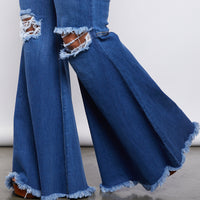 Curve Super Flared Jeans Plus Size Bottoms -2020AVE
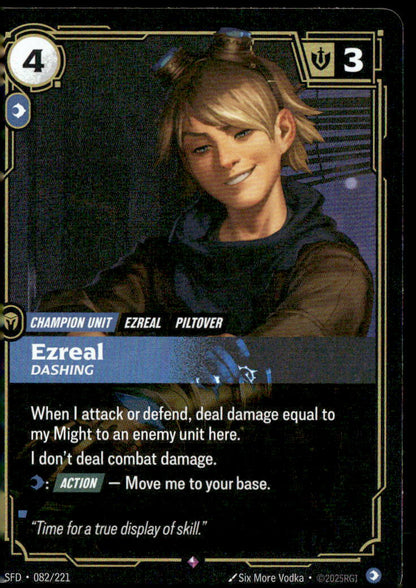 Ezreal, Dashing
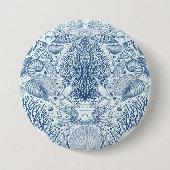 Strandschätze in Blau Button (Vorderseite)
...
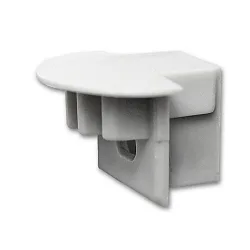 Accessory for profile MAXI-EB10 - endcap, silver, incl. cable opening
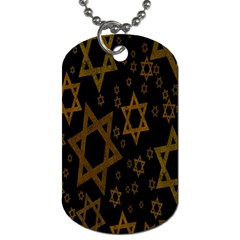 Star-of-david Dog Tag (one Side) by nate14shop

## Exercise
Your answer must be the exact lines from the records above, from the one containing "Curve Super Flared" through the one containing "Strandschätze in Blau Button (Vorderseite)", both included, with every picture left out.

## Task output
 Curve Super Flared Jeans Plus Size Bottoms -2020AVE
 Ezreal, Dashing
 Strandschätze in Blau Button (Vorderseite)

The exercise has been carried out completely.